Authored by dmgreen on Mar 8 2021, 12:05 PM.

Details

Summary

This uses the shuffle mask cost from D98206 to give a better cost of MVE VREV instructions. This helps especially in VectorCombine where the cost of shuffles is used to reorder bitcasts, which this helps improve/refix the phase ordering test for fp16 reductions from intrinsics. The isVREVMask has been moved to a header file to allow it to be used across target transform and isel lowering.

Diff Detail

Event Timeline

dmgreen created this revision.Mar 8 2021, 12:05 PM
dmgreen requested review of this revision.Mar 8 2021, 12:05 PM
Herald added a project: Restricted Project. · View Herald TranscriptMar 8 2021, 12:05 PM
RKSimon added inline comments.Mar 9 2021, 12:51 AM
llvm/lib/Target/ARM/ARMTargetTransformInfo.cpp
1223

Why aren't you just using TTI::SK_Reverse?

dmgreen added inline comments.Mar 9 2021, 4:29 AM
llvm/lib/Target/ARM/ARMTargetTransformInfo.cpp
1223

Thanks for taking a look. A VREV is a little different from a SK_Reverse, as far as I understand, although for some of the tests it happens to match both. A vrev mask will reverse lanes in a block, not the whole register. So they have masks like <3, 2, 1, 0, 7, 6, 5, 4> or <1, 0, 3, 2, 5, 4, 7, 6>.

In MVE there are vrev16.8, vrev32.8, vrev32.16, vrev64.8, vrev64.16 and vrev64.32. The way I think of them is that taking a 128 bit legal vector, they reverse the bits in the first number, then reverse back in the second.

dmgreen updated this revision to Diff 329292.Mar 9 2021, 4:30 AM

Update formatting noticed when looking at this.

SjoerdMeijer accepted this revision.Mar 16 2021, 6:42 AM

Looks reasonable to me.
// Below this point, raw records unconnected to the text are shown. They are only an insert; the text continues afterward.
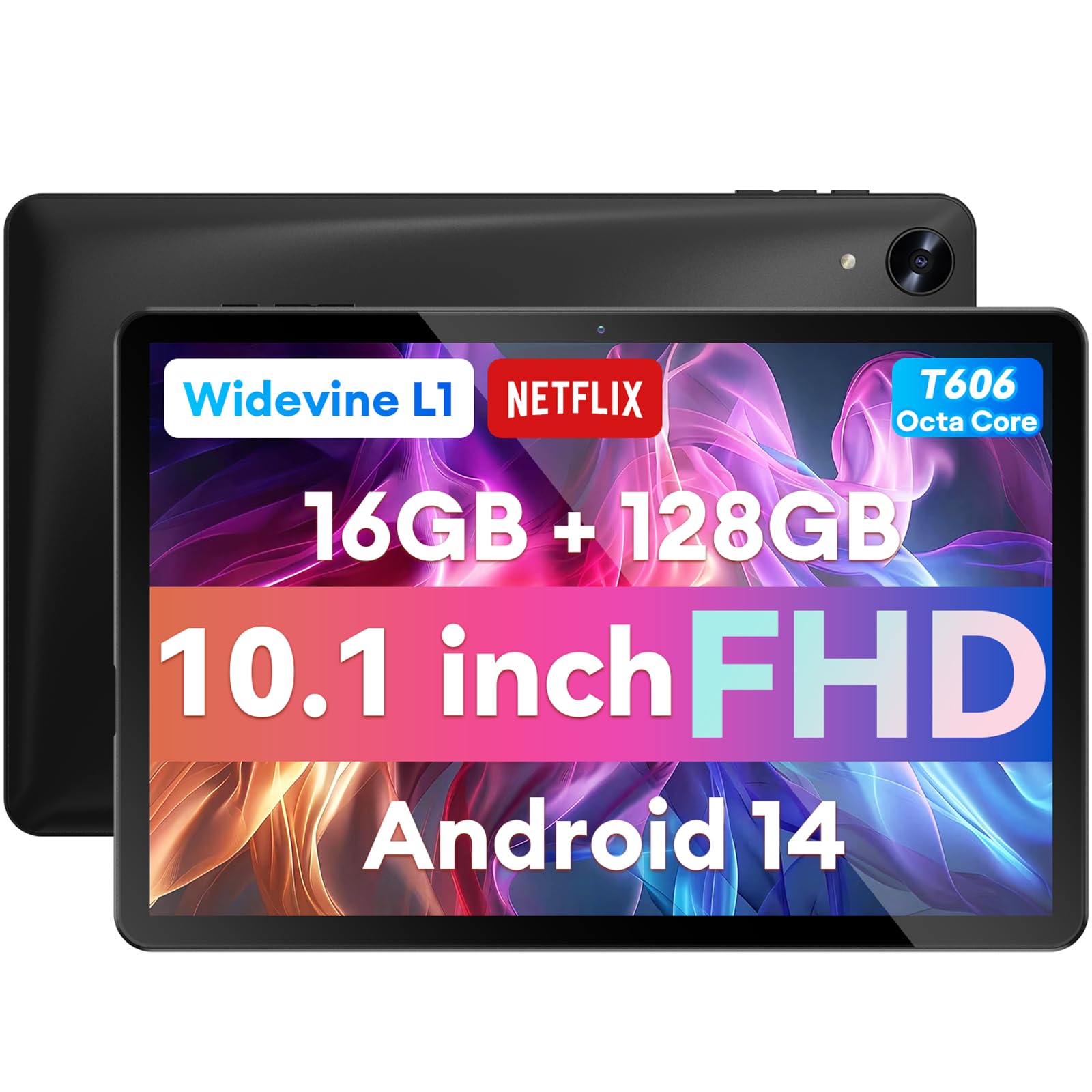 Amazon.com : Alphawolf Android Tablet 10 inch Tablets, FHD 1920 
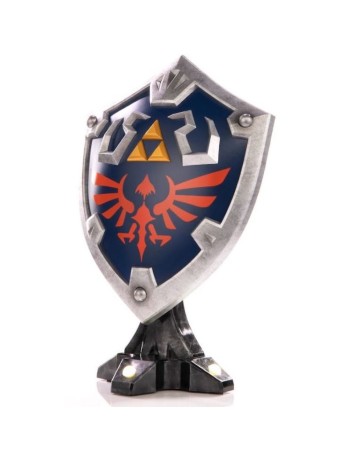 Figurina Statueta F4f The Legend Of Zelda Breath Of The Wild Hylian Shield Collectors 29 CM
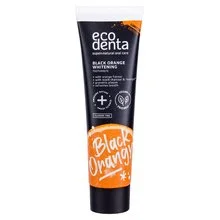 Toothpaste black orange whitening thumbnail 2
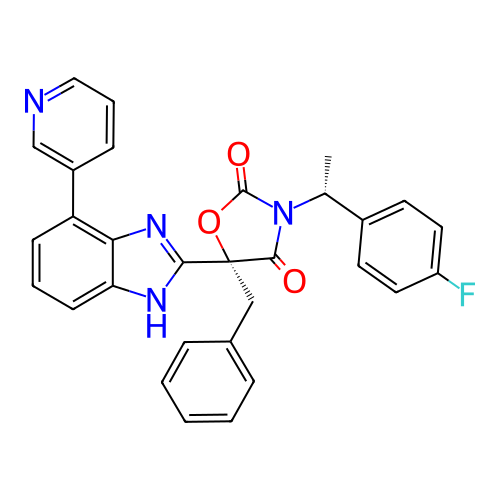 Chemical structure of BindingDB Monomer ID 50089589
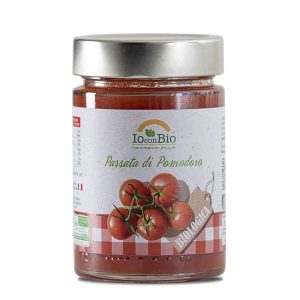 Passata di pomodoro IoconBio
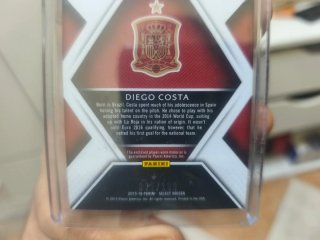 Diego Costa parche /199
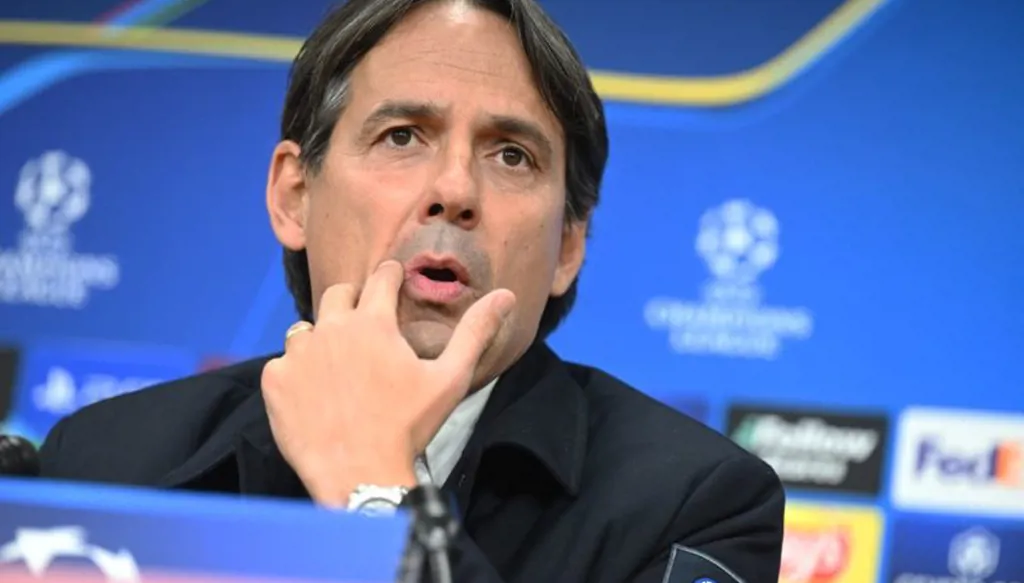 إنزاغي: نخوض معركة أوروبية صعبة أمام موناكو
Perhaps wait a day in case @RKSimon has more comments.

This revision is now accepted and ready to land.Mar 16 2021, 6:42 AM
RKSimon accepted this revision.Mar 16 2021, 6:56 AM

Just one minor

llvm/lib/Target/ARM/ARMTargetTransformInfo.h
304
for (unsigned i = 0, e = M.size(); i < e; ++i) {
RKSimon added inline comments.Mar 17 2021, 8:29 AM
llvm/lib/Target/ARM/ARMTargetTransformInfo.cpp
1224

Add an assert that Mask is the correct width?

dmgreen added inline comments.Mar 17 2021, 12:19 PM
llvm/lib/Target/ARM/ARMTargetTransformInfo.cpp
1224

I'm not sure if there's a specific width this needs to be. It was designed to work with any width, under the hope they would be legalized to full vector widths and so long as each of the original masks were a vrev, the result would be a vrev (or simpler, possibly with some undef lanes).

It's only really tested with single source, non-shape changing shuffles at the moment though. And it looks like testing more than that doesn't work at the moment because they all get a unknown (-1) cost. I'll add a check that the size is an OK width and see about improving the testing to some more cases.

This revision was landed with ongoing or failed builds.Mar 17 2021, 2:22 PM
This revision was automatically updated to reflect the committed changes.